PROBLEM REQUIREMENTS »
Restate word for word the entries below, starting at the line with "GestureTech's Holoframe is" and ending at the line with "I want to show". Keep both end lines and omit the pictures.

--- START ---

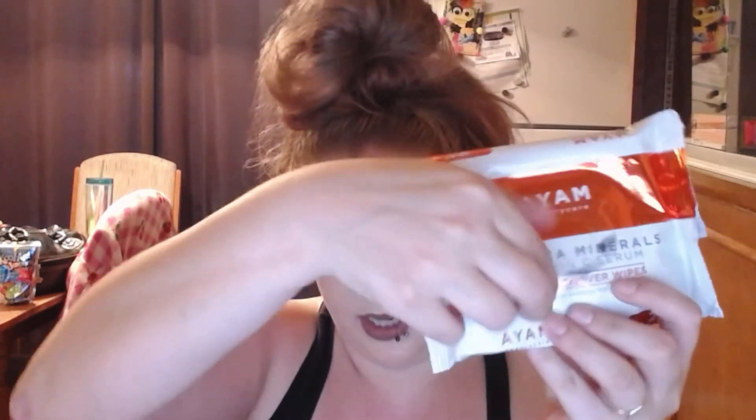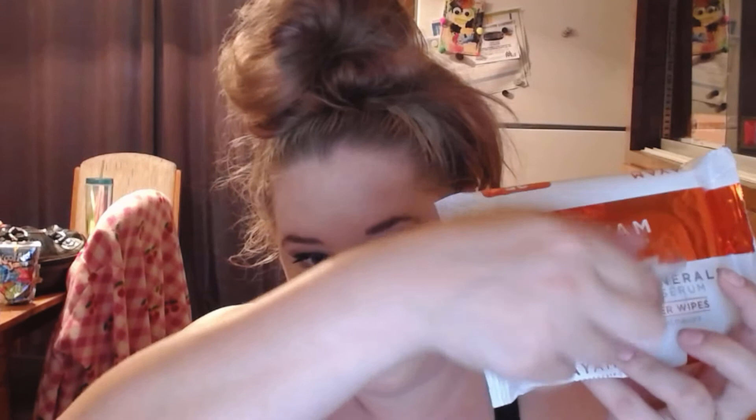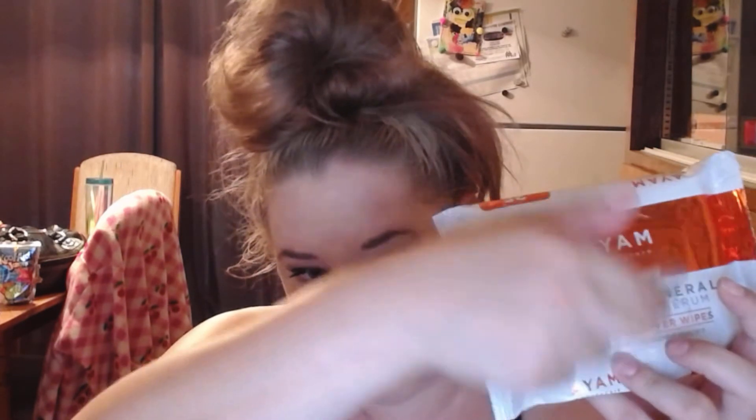One thing I do like about this is it does have a resealable thing, but since I've been using it so much, the little sticky adhesive on here has came off, so it doesn't really stay closed anymore. That's one complaint I would have. Also, this packaging material is like almost what a candy bar is made out of and it drives me nuts — it's just a huge texture thing, just touching it.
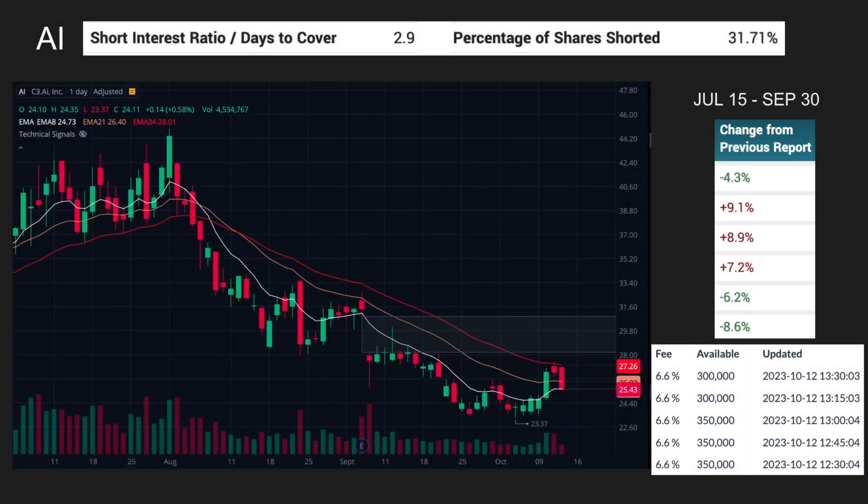Moving on to AI — this is C3.AI. Never heard of this company, but it's irrelevant. It has a few days that shorts are holding or borrowing these shares, with a little over 31% shorted at the moment — so pretty high. Looking at six periods, it was decreasing a few periods ago then bumped back up, a bit of a wave — a little up and down, a little herky-jerky. But in the midst of all that, the fee is incredibly low, just 6.6%, which is probably not warding off many short sellers.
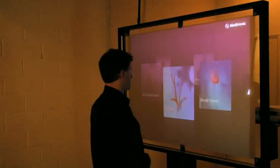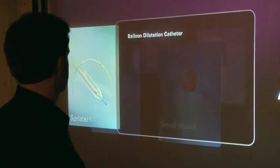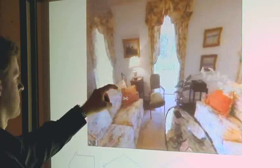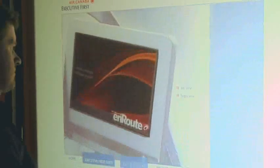GestureTech's Holoframe is a fingertip-controlled 60-inch projection screen that lets you control and interact with the display simply by gesturing in front of it. Two tiny cameras embedded in the screen track where you point. Images seem to float in mid-air as you interact with dynamic digital content, creating a captivating effect.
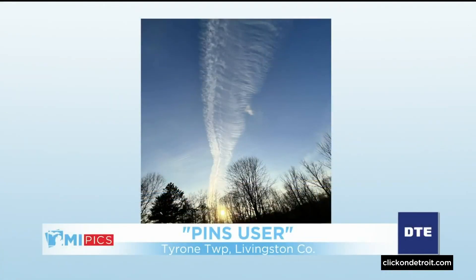I want to show you what we saw with our sky conditions today. This is from one of our viewers who goes by the name Penuser. This is from Tyrone Township — that's near Fenton. Beautiful skies. You can see some cirrus way up in the background, and right there in the forefront you can see contrails.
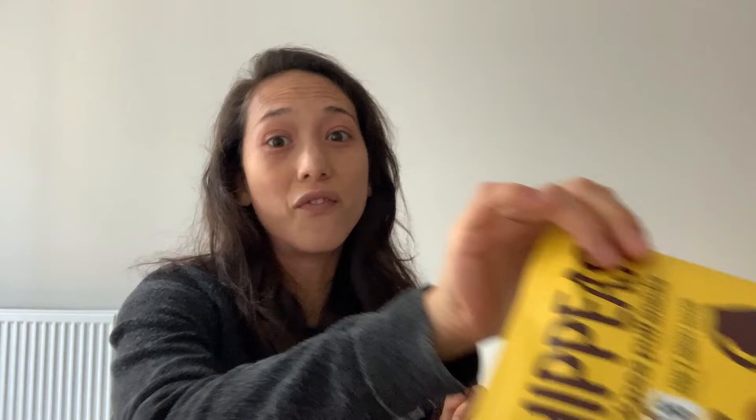Next we have one I'm very, very excited about — it's Hippies' collaboration with This Isn't. I love this brand; they make fake chicken and fake bacon and it's really good. I'm really excited to see they're collabing with Hippies. It's supposed to taste like This Isn't Smoky Bacon. I don't know how I feel about the smell. I know I said I like smoky flavor, but smoky bacon flavor never really appeals to me. I don't love it. I don't think I would buy this again.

--- END ---

TASK SOLUTION »
GestureTech's Holoframe is a fingertip-controlled 60-inch projection screen that lets you control and interact with the display simply by gesturing in front of it. Two tiny cameras embedded in the screen track where you point. Images seem to float in mid-air as you interact with dynamic digital content, creating a captivating effect.
I want to show you what we saw with our sky conditions today. This is from one of our viewers who goes by the name Penuser. This is from Tyrone Township — that's near Fenton. Beautiful skies. You can see some cirrus way up in the background, and right there in the forefront you can see contrails.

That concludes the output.